Each choice you have asked about has it's weakness and strengths. It is up to you to decide which problems and hurdles you wish to face...I DO know that threads can get you into a LOT of trouble if you are not careful...but you can do a lot of stuff you might not be able to do (at least no easily) without them...I would also imagine threads would be harder to debug as well...but I am certainly not a master of the art...:)
rest(0) and yield_timeslice never has seemed to work for me in windows or linux (several different flavors)...
That's because they're not supposed to reduce CPU usage. They yield to other processes.

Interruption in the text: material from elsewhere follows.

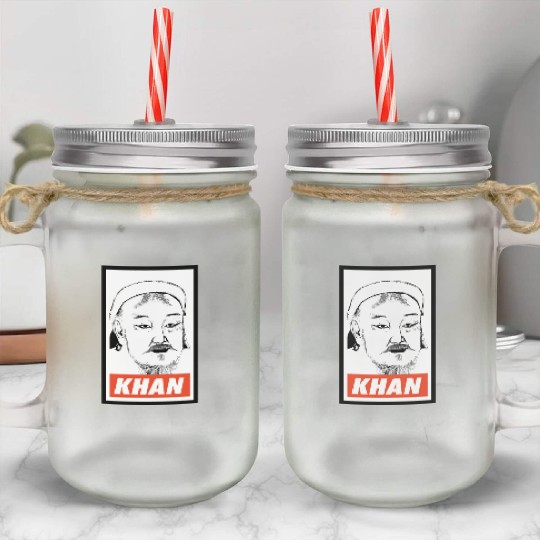 Genghis Khan Mason Jar Cups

That's it.
Interesting though.. goalie's method of using semaphores seems to work quite well. If you need finer grain control implement your own semaphore class by wrapping one.
Well, as I understand it, there have been three ways here suggested to reduce CPU usage:
(a) Use rest(1) somewhere in the game loop. The least effective, but the easiest to implement.
(b) Use the Semaphore library. More effective, but a bit more difficult to use. I may tackle this when I'm a little more confident with my programming.
(c) Get straight down to the grit of it and use threads. The most efficient method possible, but can be extremely unstable if you don't know what you're doing.
(b) Use the Semaphore library. More effective, but a bit more difficult to use. I may tackle this when I'm a little more confident with my programming.
What's this "Semaphore library" you're talking about? You mean pthreads.
(c) Get straight down to the grit of it and use threads. The most efficient method possible, but can be extremely unstable if you don't know what you're doing.
I fail to see how this reduces CPU usage. In fact, it increases CPU usage, as now you have two busy loops running around
Well, as I understand it, there have been three ways here suggested to reduce CPU usage:
My method is, as it has always been:
do a frame draw
read a counter, compute number of milliseconds/whatever since last here in loop
if now one or more logic ticks behind, do that many logic ticks
otherwise sleep for the number of milliseconds/whatever left before next update
In SDL I use SDL_GetTicks which returns the number of milliseconds since the app started. In Allegro I have a second thread that updates a timer that is much coarser than milliseconds but gets the job done. My ChristmasHack '05 entry, Nuclear Attack! (Windows, OS X) is one example. On a virtualised copy of Windows 2000 on my MacBook Pro, it uses less than 5% of one CPU core.